Generated by GPT-5-mini| AirCarbon Exchange | |
|---|---|
| Name | AirCarbon Exchange |
| Type | Private company |
| Founded | 2018 |
| Headquarters | Singapore |
| Industry | Environmental markets |
| Products | Carbon credits, carbon futures, spot trading |
AirCarbon Exchange
AirCarbon Exchange is a Singapore-based carbon trading platform that facilitates the spot and derivatives trading of voluntary carbon credits and related instruments. It connects traders, corporates, and financial institutions to secondary markets for credits originating from forestry, renewable energy, and methane-abatement projects, aiming to combine aspects of commodity exchange infrastructure with digital trading technology. The platform has engaged with regional regulators, commodity firms, and environmental organizations to expand liquidity and transparency in voluntary carbon markets.
AirCarbon Exchange operates as an electronic marketplace providing trading, clearing, and settlement services for tradable carbon units drawn from registries such as Verified Carbon Standard, Gold Standard (organization), and project types like REDD+ forestry credits, renewable energy certificates, and methane capture offsets. It offers spot markets and futures-like instruments, and it has integrated trade reporting and custody services similar to established financial exchanges and commodity futures exchanges. Participants include energy traders, banks, asset managers, airlines, and industrial firms participating in voluntary offsetting programs and corporate net-zero strategies.

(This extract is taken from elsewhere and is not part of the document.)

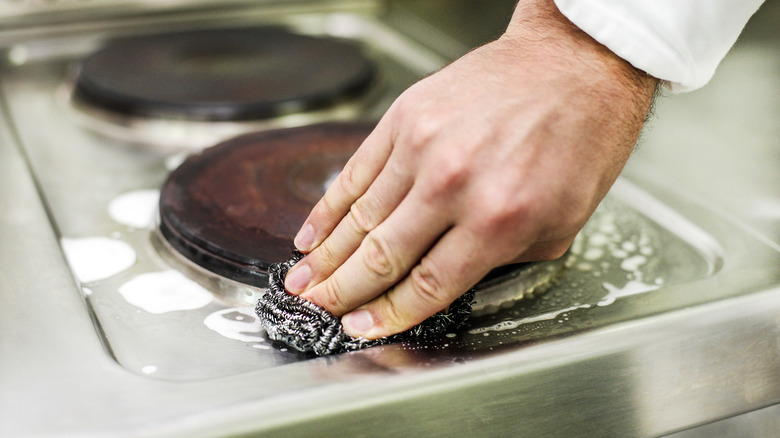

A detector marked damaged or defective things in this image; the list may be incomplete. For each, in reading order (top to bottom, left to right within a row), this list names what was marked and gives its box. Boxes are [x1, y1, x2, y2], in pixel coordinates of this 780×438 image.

rust stain on burner [72, 27, 374, 120]
rust stain on burner [158, 121, 374, 286] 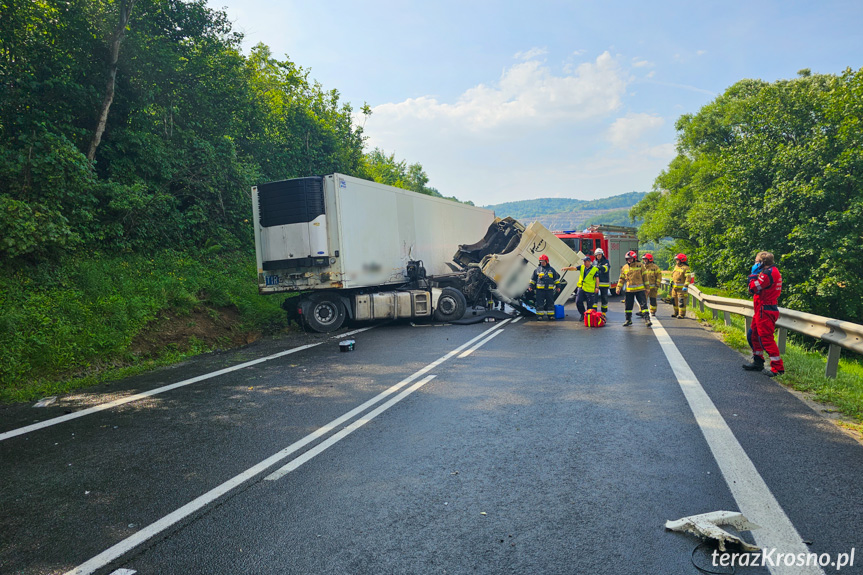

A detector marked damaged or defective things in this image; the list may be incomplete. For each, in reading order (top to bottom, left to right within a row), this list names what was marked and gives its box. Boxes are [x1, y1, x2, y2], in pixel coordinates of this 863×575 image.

Founded in 2018 by commodities and environmental market veterans, the exchange launched in Singapore to leverage the city-state’s financial infrastructure and proximity to ASEAN markets. Early partnerships were formed with commodity houses from London and Amsterdam, and with registry operators headquartered in Switzerland and United Kingdom jurisdictions. In subsequent years the platform expanded listings to reflect projects registered under Clean Development Mechanism vintage credits as well as contemporary Verified Carbon Standard methodologies, while engaging with regional hubs such as Hong Kong and Tokyo for market access. Strategic investments and alliances with trading firms from New York and Chicago supported development of derivative products and clearing arrangements modelled after Intercontinental Exchange and CME Group practices.
Trading on the platform uses order-book and over-the-counter (OTC) functionalities familiar to participants in commodity exchanges and stock exchanges. The exchange lists fungible lots of credits standardized by registry, vintage, and methodology, and it enables bilateral settlement alongside central clearing counterparties to manage counterparty risk similar to systems used by central counterparty clearing houses. Price discovery is achieved via continuous trading and indicative pricing feeds relied upon by indices compiled by firms from London Stock Exchange Group and environmental data providers from Geneva. Custody and tokenization experiments have been trialled with blockchain development consortia from Silicon Valley and Zurich, while trade surveillance borrowed techniques from NASDAQ and Deutsche Börse.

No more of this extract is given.